Exercise brief:
Begin at the line containing "Bird-In-Hand Family Inn ภายนอก รูปภาพ" and reproduce every line through the end of the entries below. Nothing else should appear.
::: Record set
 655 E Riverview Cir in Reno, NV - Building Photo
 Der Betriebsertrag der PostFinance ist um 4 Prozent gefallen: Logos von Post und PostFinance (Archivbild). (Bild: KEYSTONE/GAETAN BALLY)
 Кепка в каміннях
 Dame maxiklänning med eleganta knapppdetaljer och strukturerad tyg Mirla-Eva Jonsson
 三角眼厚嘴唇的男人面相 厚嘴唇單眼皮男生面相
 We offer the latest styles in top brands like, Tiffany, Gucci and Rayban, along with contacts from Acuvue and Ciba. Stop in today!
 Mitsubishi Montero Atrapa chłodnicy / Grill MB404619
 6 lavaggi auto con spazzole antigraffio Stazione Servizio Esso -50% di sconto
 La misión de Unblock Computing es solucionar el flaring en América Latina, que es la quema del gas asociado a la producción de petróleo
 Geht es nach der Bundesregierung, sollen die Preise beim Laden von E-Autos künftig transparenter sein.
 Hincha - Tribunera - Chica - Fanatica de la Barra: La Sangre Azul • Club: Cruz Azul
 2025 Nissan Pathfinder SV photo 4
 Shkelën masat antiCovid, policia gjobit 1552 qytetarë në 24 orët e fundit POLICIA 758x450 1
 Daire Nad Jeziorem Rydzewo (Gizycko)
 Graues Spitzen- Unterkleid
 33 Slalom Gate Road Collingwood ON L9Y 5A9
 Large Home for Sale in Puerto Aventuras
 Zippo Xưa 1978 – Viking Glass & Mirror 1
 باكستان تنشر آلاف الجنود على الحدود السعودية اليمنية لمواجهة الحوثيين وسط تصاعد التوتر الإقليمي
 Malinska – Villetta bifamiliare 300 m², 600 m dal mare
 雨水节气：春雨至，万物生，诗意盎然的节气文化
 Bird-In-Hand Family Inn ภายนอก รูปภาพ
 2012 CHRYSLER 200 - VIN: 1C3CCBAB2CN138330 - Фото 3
::::::
Your solution:
 Bird-In-Hand Family Inn ภายนอก รูปภาพ
 2012 CHRYSLER 200 - VIN: 1C3CCBAB2CN138330 - Фото 3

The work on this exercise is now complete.